Suspension ropes (112,114) are utilized for suspending the elevator car (10) and counterweights (116,118). The suspension ropes (112,114) may be of any suitable type such as conventional, round steel ropes. As shown in Fig. 11, the suspension ropes (112,114) are fixed at one end to the elevator car (10) and at the other end to a respective counterweight (116,118). Respective idler pulleys (120, 122) for the suspension ropes (112,114) are attached to a stationary object such as a guide rail (not shown) or an overhead beam (not shown). Torque power can be supplied through one or both sheaves (32,34).

Implementation of the system of the fourth embodiment provides for a lower system mass and installed cost for self-propelled elevators, lower torque requirements and associated costs, and other benefits including reduced installation time, maximum installation in the factory, elimination of the machine room, and minimal building interface.

Referring to Fig. 12, there is disclosed a novel drive sheave and belt or rope arrangement (200) that may be implemented with the elevator system described in the foregoing embodiments. The drive sheave (210) is configured in such a way so that the drive rope (212) or belt can be wound around the sheave (210) to contact it over an area of approximately 360 degrees around.

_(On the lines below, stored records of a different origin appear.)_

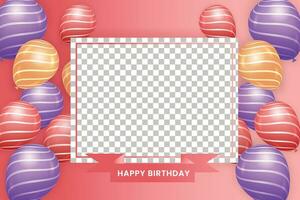 feliz aniversário vetor modelo fundo. feliz aniversário cumprimento texto dentro vermelho borda com dourado vermelho e roxa balões para aniversário cartão decoração.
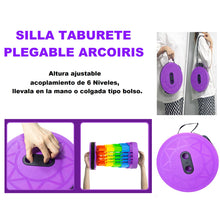 Cargar imagen en el visor de la galería, Silla Taburete Tipo Telescopio Retráctil Portátil DZ-7 Morado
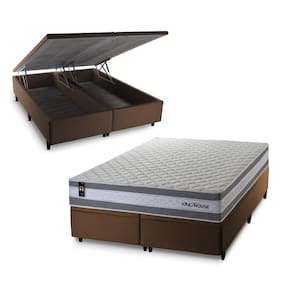 Conjunto Box Baú Alpine Cinza 193x203x72 c/ Molas Ensacadas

This is accomplished by off-setting the positions of the rope ends (214,216) along a direction generally parallel to the rotational axis of the drive sheave (210). The drive sheave (210) may have rope guiding means such as grooves (218) or the like in order to guide the rope or belt (212) as it makes contact. The grooves (218) may be arranged in a spiral manner around the circumference of the sheave (210).

The rope (212) may be a flat rope or belt, or a round rope.

Referring to Fig. 13, there is disclosed another embodiment of a novel drive sheave and belt or rope arrangement (300) that may be implemented with the elevator systems described in the foregoing embodiments. A drive sheave (310) receives a rope or belt (302). Two or more diverter sheaves (304,306) maintain the rope or belt (302) in a position such that the rope or belt (302) is held in contact around a desired area of the circumference of the drive sheave (310), such as an area exceeding 180 degrees around the sheave (310). The diverter sheaves (304,306) may be selectively positioned to vary the degree of wrap around the sheave (310).

The components illustrated in and described with respect to Fig. 12-13 may be assembled in a variety of ways including, for example, a system in which

a diverter sheave is positioned at both ends of a drive rotor, thus maximizing traction with minimal motor mass.

A principal feature of the present invention is the flatness of the ropes used in the above described elevator system. The increase in aspect ratio results in a rope that has an engagement surface, defined by the width dimension"w", that is optimized to distribute the rope pressure. Therefore, the maximum rope pressure is minimized within the rope. In addition, by increasing the aspect ratio relative to a round rope, which has an aspect ratio equal to one, the thickness "tl"of the flat rope (see Fig. 15) may be reduced while maintaining a constant cross-sectional area of the portions of the rope supporting the tension load in the rope.

As shown in Fig. 15 and 16, the flat ropes 722 include a plurality of individual load carrying cords 726 encased within a common layer of coating 728.

The coating layer 728 separates the individual cords 726 and defines an engagement surface 730 for engaging the traction sheave 724. The load carrying cords 726 may be formed from a high-strength, lightweight non-metallic material, such as aramid fibers, or may be formed from a metallic material, such as thin, high-carbon steel fibers. It is desirable to maintain the thickness"d"of the cords 726 as small as possible in order to maximize the flexibility and minimize the stress in the cords 726. In addition, for cords formed from steel fibers, the fiber diameters should be less than. 25 millimeters in diameter and preferably in the range of about. 10 millimeters to. 20 millimeters in diameter. Steel fibers having such diameter improve the flexibility of the cords and the rope. By incorporating cords having the weight, strength, durability and, in particular, the flexibility characteristics of such materials into the flat ropes, the traction sheave diameter "D"may be reduced while maintaining the maximum rope pressure within acceptable limits.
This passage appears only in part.